I was as good as dead to him. Why should there be any collaborative decision-making if I was uncontactable? Only now do I see the selfishness of my hiking pursuits and what a gem of a husband I have. I wear a sleeping mask to hide the flickering light. It’s the least I can do.

I’m still bossy, annoying, impatient, and intolerant. My focus and stubbornness will always worry Mike. Where does she plan to go next? Who knows when we can travel freely again? For now, local bush walks within Australia must satisfy me.

If nothing eventuates, I have learned to be more self-compassionate. Longer and longer hikes do not define me; the journey does. I’ll accept the result in whatever shape it comes. And know success is of my making, not a measurement of attainment determined by society or individuals.

On a lighter note, I still fart copiously. If I must follow through, I am a big fan of squatting. I have never been more regular than when I was on the PCT. Constipation, I’m afraid, is the curse of a non-hiker.

I still wear Infinite Raspberry lipstick to boost my spirits. It’s ironic my preferred shade of lipstick should prove such a prophetic one. ‘Infinite’ means limitless; impossible to measure or calculate. Its name speaks of the opportunities for any woman prepared to challenge her place in this world. And you can wear lipstick anywhere if you choose. Or you can break from its societal shackles and discover the woman beneath the veneer. My ‘Nude Smokey Eye’ routine has gone. I prefer to be makeup-free. My hair has transitioned to grey. For vanity’s sake or my hairdresser’s insistence, I have succumbed to a few blonde highlights. Remember, ageing affects everybody. It’s important you feel comfortable with your appearance. It takes courage to accept and embrace the changes that come with natural ageing. Last but not least, I regained every pound of weight I lost. Bummer!

I contained post-hike depression, but the yearning to complete the trail or undertake another long-distance hike is never far from my thoughts. I walk my dog on tame suburban paths. He’ll never venture with me into the deep wilderness. Into the abyss where fighting to survive awakens the senses. Its meaning is something I’m still discovering. 

I still love hiking gear and I follow the PCT Facebook Groups to see how the next year’s PCT thru-hikers are managing. My heart goes out to the many PCT Classes who have put their hikes on hold because of the COVID-19 pandemic.

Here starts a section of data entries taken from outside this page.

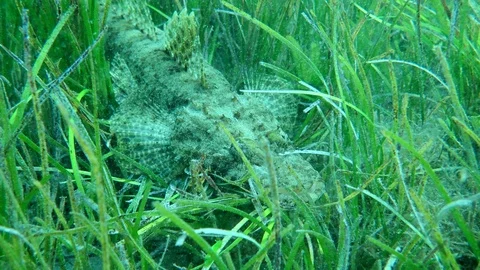 Crocodile fish is hiding in dense thickets of green sea grass on seabed. Stock Footage 127494818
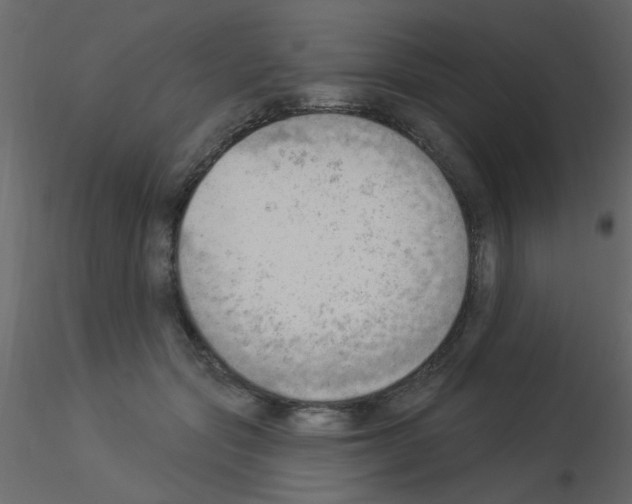 X0000115850557200912242040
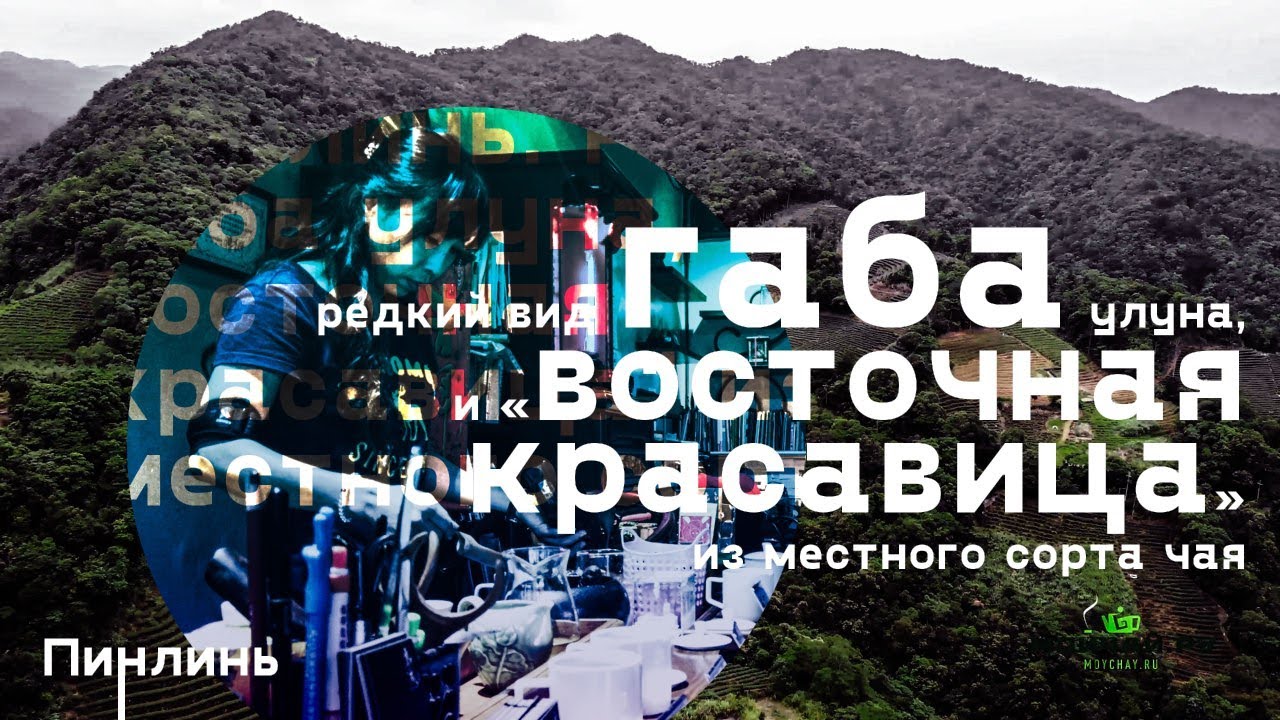 Тайвань, Пинлинь. Редкий вид габа улуна, и восточная красавица из местного сорта чая.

And why did I quote Kakuzõ Okakura’s, The Book of Tea, only? I couldn’t think of a better philosopher to describe the essence of each chapter. His quotations are also a fitting tribute to Rebecca Corbett, my No. 1 Trail Angel, whose fervour for the perfect cuppa even exceeds mine. Her study of the Japanese tea-making ceremony is far worthier of recognition than my ability to walk a few thousand miles. It’s my way of thanking Rebecca for making my PCT hike a reality. As simple as that. I pay my respects to a connoisseur of this delightful beverage. Served hot, of course.

I hope my PCT journey inspires you to hit the trail in the ensuing years, embrace nature, and discover the kindness and generosity of humankind. Give yourself permission to pursue your wildest dreams. Age and health issues are no barrier. The time has come. Go out there and live your life. The possibilities are infinite.